Temuan dari penelitian ini baru saja dipresentasikan di pertemuan tahunan British Association of Dematologists di Edinburgh, Skotlandia, pada (3/7).

"Meskipun pelembab dengan SPF memberikan perlindungan terhadap sinar matahari, penelitian kami menunjukkan bahwa hasilnya tidak sama dengan tabir surya," kata salah satu peneliti Austin McCormick, seperti dikutip dari Independent.

Dalam studi ini, para peneliti melakukan pengujian pada beberapa kelompok partisipan.

Peserta diminta untuk mengaplikasikan tabir surya pada wajah mereka di hari pertama pengujian.

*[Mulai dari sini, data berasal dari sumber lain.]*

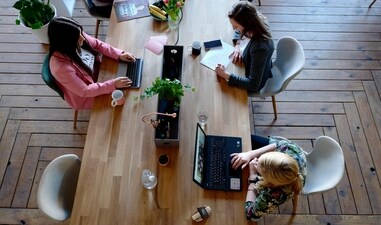 Workers and experts have advice to share about how to navigate the changes when an employer calls you back to the office. (Pexels) Workers and experts have advice to share about how to navigate the changes when an employer calls you back to the office. (Pexels)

Pada hari selanjutnya mereka diminta untuk memakai pelembab dengan SPF.

Para peneliti mengambil foto wajah para partisipan di kedua hari tersebut dengan menggunakan kamera yang dimodifikasi khusus sehingga mampu melihat dampak dari sinar UV.

Lewat kamera itu peneliti melihat tingkat kehitaman kulit sebagai efek perlindungan dari sinar matahari.

Semakin hitam kulit tersebut, semakin besar tingkat perlindungan yang diberikan.

Peneliti menyimpulkan bahwa peserta yang menggunakan tabir surya dapat melindungi 89 persen area wajah mereka.

Sedangkan saat mengaplikasikan pelembab dengan SPF yang terlindungi hanya 84 persen.

Di sisi lain, peneliti juga menganjurkan agar orang menggunakan tabir surya lebih tebal dibandingkan pelembab dengan SPF.

Itu dapat memberikan proteksi kulit yang lebih kuat terhadap sinar UV.

"Untuk jangka waktu yang lama di bawah sinar matahari kami merekomendasikan aplikasi tabir surya dengan SPF tinggi," kata McCormick.

Pendapat yang sama juga diutarakan anggota British Association of Dermatologists Matthew Gass.

Menurutnya pelembab dengan SPF tidak berfungsi dengan baik jika dibandingkan dengan tabir surya.

Dia juga menyarankan untuk menggunakan tabir surya yang diaplikasikan secara berulang.

"Hal lain yang penting untuk diambil dari penelitian ini adalah orang sering melewatkan bagian tertentu di wajah mereka saat memakai tabir surya, cara yang baik untuk mencegah hal ini adalah dengan memakai kacamata hitam dan menerapkan kembali tabir surya secara berkala. Ini dapat melindungi wajah dari sinar matahari yang berlebihan," ucap Gass.